The row of colorful flowers looked bright and cheerful, but something seemed a bit off.
I recognized the flower type, Agapanthus, used in landscaping all over the city and more so in the hills where we currently live, but I wondered, do they also bloom in orange, purple...and blue? I had only moments to decide since my view was from the car.
Stopped at a red light, I snapped a few photos from my passenger side window to inspect further at home.
That's when the light caught the painted petals just so; the wonder of mother nature was, in fact, a man-made contribution. A seemingly laborious one at that; The assumed guerilla artist(s)' work was so clean that the tubular flowers looked candidly natural.
I'm sure this scene on Frome Street, in Adelaide's CBD, caused many people to do a double-take. Some might have been upset about it (as in this Reddit post expressing concern over photosynthesis, only to be debunked by another commentator). Whereas others, like me, likely experienced a moment of delight.
The colorful display of in-situ art reminded me of several white-washed palm trees in Los Angeles that were a part of a larger project:
As well as another (maybe imagined?) art installation involving a palm tree in LA.

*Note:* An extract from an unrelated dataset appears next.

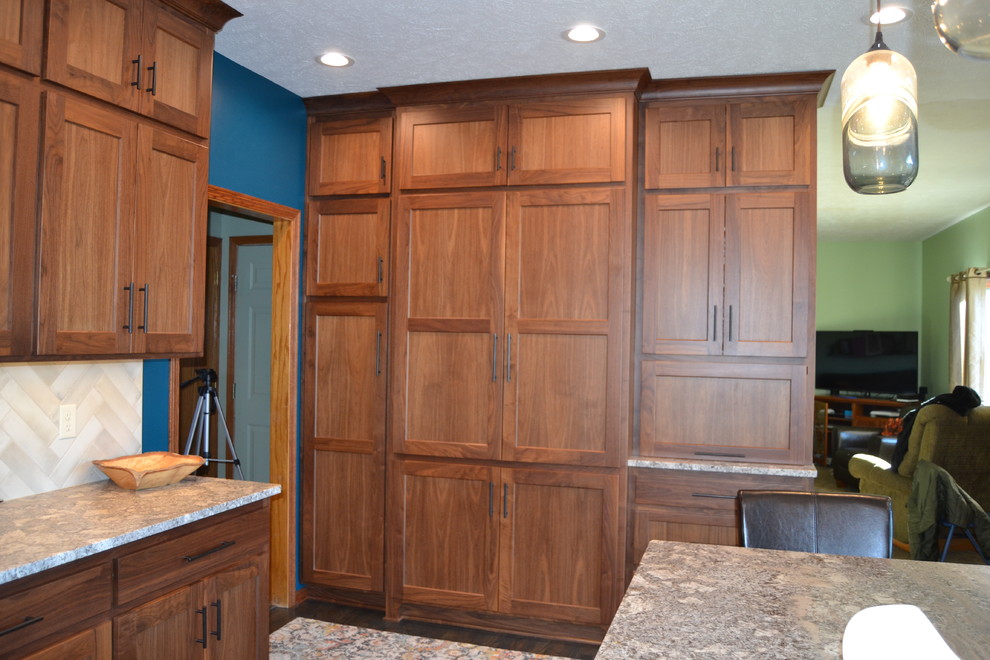 Kitchen - transitional kitchen idea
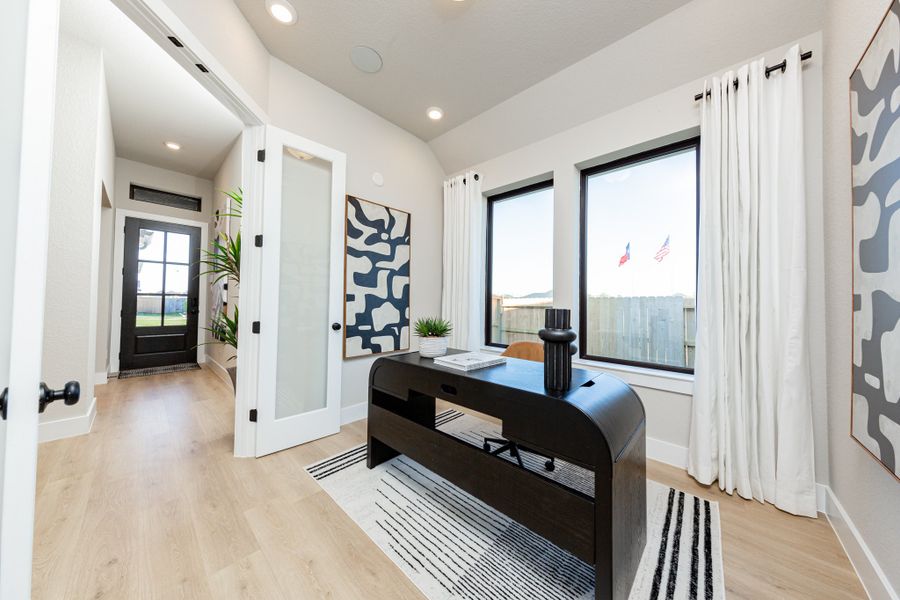 Furnished interior view inside a new home in Jordan Ranch, Katy (Image 5).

Many years ago, as I drove on the 110 freeway, passing Downtown LA skyscrapers and palm trees sunbathing in the afternoon glow, I noticed something glistening above. Looking up and around me always eased the pain of traffic, and this time I was rewarded by something gold and shiny in a palm tree. The bright flicker that caught my eye was an entire golden palm frond; it was a palm frond made of gold-colored tinsel!
HOW. DELIGHTFUL.
I felt grateful for the unknown artist who had braved the installation's location to create the in-situ moment. Back at home, I searched for information about it, just as I did after my Adelaide city-streetscape sighting, but there was nada. No mention of a magical-looking golden palm frond gracing the concrete jungle or a guerilla artist to applaud.
The golden frond felt magical...and perhaps it was.
The next day, the golden frond made of tinsel was nowhere in sight. It was either there, and the sun's light was no longer hitting it just so from my vantage point, or I had completely imagined it. Kind of like when I was seven years old and saw a golden fairy zip by in front of my face; It was most likely a dragonfly, but I reveled in the magic of seeing a real-life fairy. I still do.
Now worlds away in Adelaide, South Australia, my most recent colorful roadside sighting was indeed confirmed as a part of our physical world. Yet despite the realness of the painted Agapanthus, the way that the maybe-existed-maybe-not golden palm frond made me feel years ago was real enough for me.